I mean, he's very much impressed us in this time managing money. Our analysts point to his analytical talent, his quantitative skills and drive that's been key to his success at Pimco. And we all know that Pimco is a famously competitive organization. So those skills and talents have served him well in his career so far and I think will in the years to come.

Benz: Now, let's discuss the Outstanding Portfolio Manager award, which you describe as being akin to a lifetime achievement award. There were five nominees in this category: Chuck Akre, Joel Tillinghast from Fidelity, Mary Ellen Stanek from Baird, Jerome Clark from T. Rowe Price, as well as TCW's fixed-income management team. Let's talk about the winners in this area.
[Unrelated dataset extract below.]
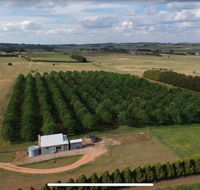 Millthorpe Truffles - Gorgeous getaway for 2 - Accommodation Mermaid Beach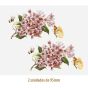 D_Pink_Branch_95mmx2un_A.JPG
Bush: The winner was Jerome Clark. Jerome Clark is a pioneer of the target-date industry. He helped build T. Rowe Price's target-date lineup starting in 2002 when there were still just a handful of target-date funds. Our analysts cited his commitment to innovation and also the research-driven decisions that that team makes into asset allocation. So over his time running the funds, he took them from a fairly straightforward mix of U.S. stocks and bonds to a much more globally diversified portfolio. Those were all very well researched and documented decisions as they made those tweaks along the way. Through that time, a hallmark of the funds has been a high allocation to equities, and that really reflects Clark's view and the team's view that the biggest risk to retirees is that they do have a savings shortfall, that they outlive their savings. So that's been something that's been very important.
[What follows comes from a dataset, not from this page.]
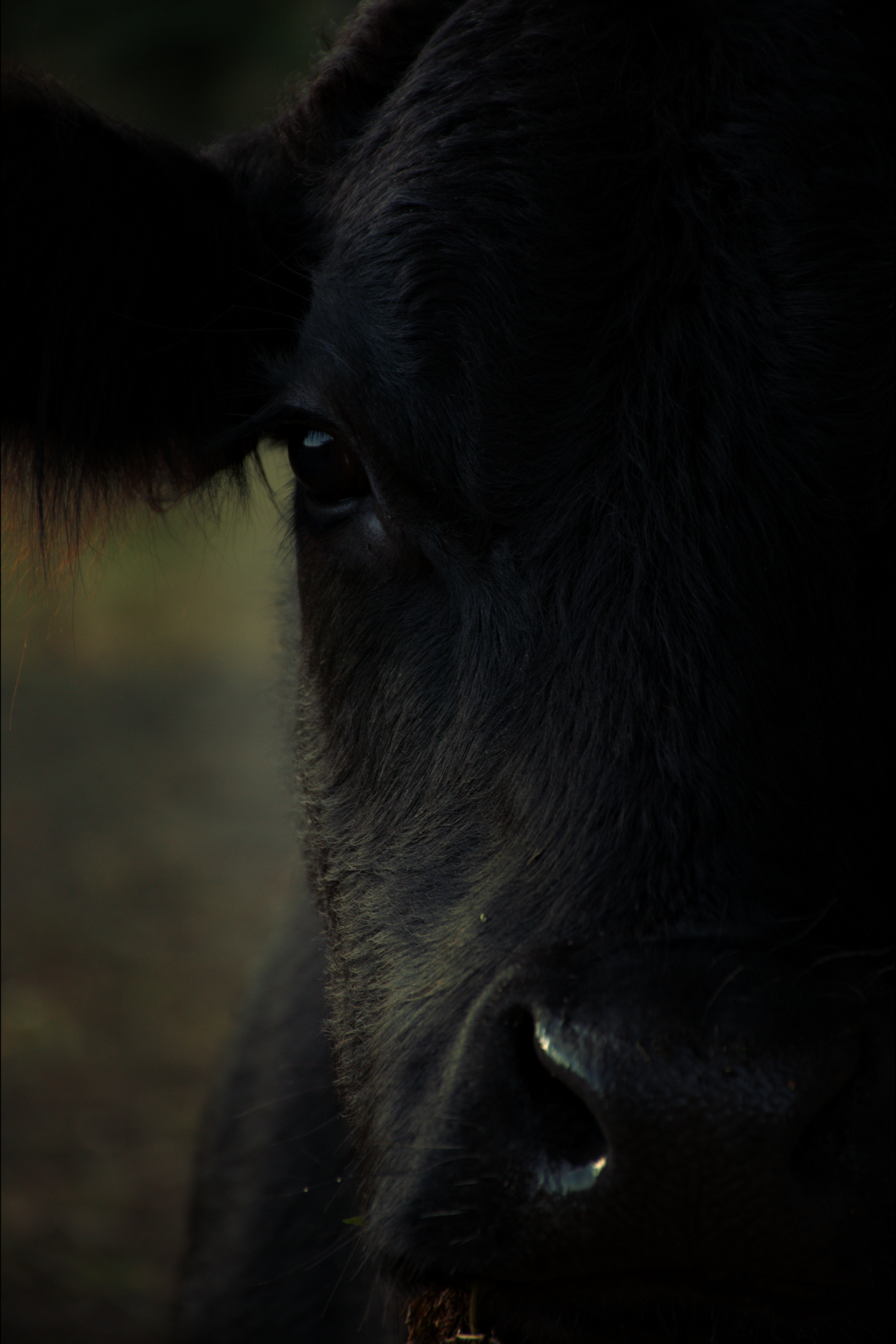 Close-up of a black cow's face showing its eye, nose, and a portion of its ear.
He's been a steady hand running these funds. He managed them through the global financial crisis, which was obviously a difficult time to have a lot of your target-date fund in equities. And I think he was a steadying presence during that time and actually took up the opportunity to opportunistically add to the funds' equity allocations during that time, which obviously turned out to be a very good decision and is one of the big drivers of the strong records that those funds do hold today. So overall, this is a series that has topnotch returns, and today it has more than $200 billion of assets, so the strength of the calls that he's made has really had a wide impact on a lot of different investors and their retirement savings.

Benz: Overall a really worthy slate of nominees and award winners. Sarah, thank you so much for being here to share them with us today.

Bush: Thank you very much for having me, Christine.

Benz: Thanks for watching. I'm Christine Benz for Morningstar.